8. The method of claim 1 wherein the Contract Base Load comprises a time-of-use Contract Base Load, wherein the computing of a plurality of utility costs comprises computing a plurality of utility costs based on an objective function, and wherein the objective function comprises a first component dependent upon a time-of-use energy charge and the time-of-use Contract Base Load, a second component dependent upon a time related demand charge and a higher value between the estimated customer load and the time-of-use Contract Base Load, and a third component dependent upon a real time price of energy and a difference between the estimated customer load and the time-of-use Contract Base Load.
9. The method of claim 1 wherein the Contract Base Load comprises a time-of-use Contract Base Load, wherein the computing of a plurality of utility costs comprises computing a plurality of utility costs based on an objective function, and wherein the objective function comprises a first component dependent upon the time-of-use Contract Base Load, a time-of-use energy charge, and a temporal occurrence, a second component dependent upon an amount of the estimated customer load purchased at a corresponding real time price, and a third component dependent upon a time related estimated highest demand and a time related demand charge.
10. The method of claim 1 wherein the Contract Base Load comprises a time-of-use Contract Base Load, wherein the computing of a plurality of utility costs comprises computing a plurality of utility costs based on an objective function, and wherein the objective function comprises a first component dependent upon the time-of-use Contract Base Load, a time-of-use energy charge, and a temporal occurrence, a second component dependent upon an amount of the estimated customer load purchased at a corresponding real time price, a third component dependent upon a time related estimated highest demand and a time related demand charge, a fourth component dependent upon time related on-site generation operational usage and a time related cost of the on-site generation operational usage, and a fifth component dependent upon time dependent capital depreciation and maintenance and on-site generation capacity.

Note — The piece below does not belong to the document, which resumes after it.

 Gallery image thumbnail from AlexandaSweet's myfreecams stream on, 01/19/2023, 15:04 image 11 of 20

11. The method of claim 1 wherein the computing of a plurality of utility costs comprises computing a plurality of utility costs based on an objective function, and wherein the objective function comprises a first component dependent upon the Contract Base Load and an energy charge, a second component dependent upon an amount of the estimated customer load purchased at a corresponding real time price, a third component dependent upon a highest estimated demand and a demand charge, a fourth component dependent upon on-site generation operational usage and a cost of the on-site generation operational usage, and a fifth component dependent upon capital depreciation and maintenance and on-site generation capacity.
12. The method of claim 1 further comprising:
implementing a heuristic search for inputs based on the utility rate structures and the Contract Base Load;
computing the utility costs based on the inputs as supplied by the heuristic search; and,
applying a simulation to the computed utility costs.

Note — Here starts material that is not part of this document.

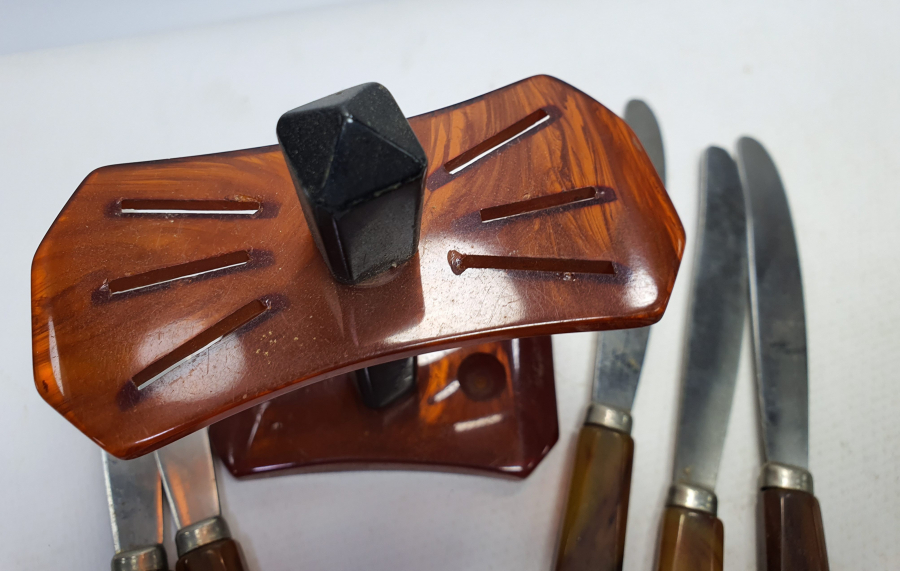 KATALİNDEN MAMUL BIÇAK SETİ VE KATALİN STANDI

13. A computer implemented method of determining a lowest utility cost relative to a plurality of utility rate structures and an estimated customer load comprising:
computing a plurality of utility costs based on the plurality of utility rate structures and the estimated customer load such that each of the utility costs corresponds to a different combination of one of the utility rate structures and a Contract Base Load, wherein the computing of the plurality of utility costs is further based on a minimization of an objective function; and,
providing to a utility customer a rate structure and Contract Base Load combination corresponding to the lowest utility cost.
14. The method of claim 13 wherein the objective function comprises a first component dependent upon the Contract Base Load and an energy charge, a second component dependent upon a demand charge and a higher of the Contract Base Load and the estimated customer load, and a third component dependent upon a real time price and a difference between the Contract Base Load and the estimated customer load.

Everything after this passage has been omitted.